Any estimates based on future economics "can be tricky," he said. "Costs tend to vary with price. The cost-curve is a dynamic concept, not a static concept."

Although reserve estimates specify the reserves are commercial at current commodity prices, Nehring noted that resource estimates do not have that constraint.

Marcellus assessments vary

The US Energy Information Administration and the US Geological Survey differed widely in their 2011 resource estimates for the Middle Devonian Marcellus shale of the Appalachian basin.

The EIA's Annual Energy Outlook for 2011 estimated ultimate recovery of 410 tcf in the Marcellus shale while the USGS 2011 assessment gave a mean estimate of 84 tcf of undiscovered, technically recoverable gas and 3.4 billion bbl of technically recoverable natural gas liquids.

USGS's gas estimate included a range of 43-144.1 tcf (95% to 5% probability, respectively), and an NGL range of 1.6-6.2 billion bbl (95% to 5% probability, respectively).

In an early release of the AEO2012, EIA said 141 tcf. The agency revised its Marcellus shale estimate using new geologic data from USGS and recent production data.

"EIA's estimate of Marcellus resources is substantially below the estimate used for AEO2011 and falls within 90% confidence range in the August 2011 USGS assessment, although it is higher than the USGS mean value," the agency said. Release of the complete AEO2012 was expected in April.

"Because of the uncertainties inherent in any energy market projections, the reference case results should not be viewed in isolation," EIA said in a Jan. 23 AEO2012 early release overview. "Readers are encouraged to review the alternative cases when the complete AEO2012 publication is released."

Meanwhile, Resources for the Future researchers are examining primary components in estimating shale gas resources, RFF Center for Energy Economics and Policy Director Alan Krupnick told industry representatives in Houston on Feb. 23.

"The two agencies made no attempt to reconcile their estimates before publication.
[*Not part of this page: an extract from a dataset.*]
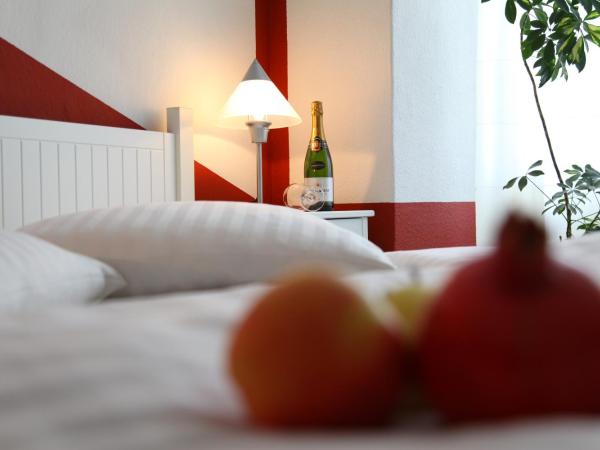 Hotel-Pension Insor : photo 5 de la chambre chambre double ou lits jumeaux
Since then, they have had discussions," Krupnick said of the 2011 Marcellus resource estimates. The same issue could arise again unless the two agencies establish a working group in which they communicate with each other, he said.

Brenda Pierce, USGS spokeswoman, said the two agencies have discussed differences in Marcellus resource estimates, but there is no formal taskforce or working group appointed to do this.

"We do talk to EIA often, but we also really are doing different assessments," Pierce said. USGS provides technically recoverable resource estimates based on current conditions. EIA estimates ultimate recovery. USGS currently has no plans to reassess the Marcellus.

Krupnick attributes the differences in resource assessments to how the two agencies calculate geologic potential, well spacing, and average eventual ultimate recovery.

EIA in its AEO2011 used 8 wells/sq mile while the USGS used 4.3 wells/sq mile. For geologic potential, EIA said 36% weighted average while USGS said less than 50%. For average EUR, EIA said 1.6 bcf/well while USGS said 1.2 bcf/well.

USGS assesses geologic characteristics to determine the potential of untested play areas. It uses well production data and also used EURs from outside the Marcellus to extrapolate EURs inside the Marcellus.

Industry has suggested the USGS method does not fully apply to repeatability, Krupnick said.

EIA cites industry presentations and white papers for well spacing, average EUR, and well success rates. For the AEO2012, EIA will draw on USGS for size of play, geologic potential, and well spacing.

EIA performed its own EUR calculations using production data from 2008-11 only. USGS includes all available results, including prehorizontal drilling in the shale plays.

"The problem is that these wells only have a few years of experience," Krupnick said of shale plays.

He said the new EIA approach might be preferred over the USGS approach because including production before 2008 in estimating decline curves could bias an average EUR downward. Improvements in horizontal drilling technology could increase EUR over time.

Krupnick said shales vary from play to play, field to field, and even well to well within a field. He also said the assessments are not pure engineering because economic assumptions are prevalent throughout the process.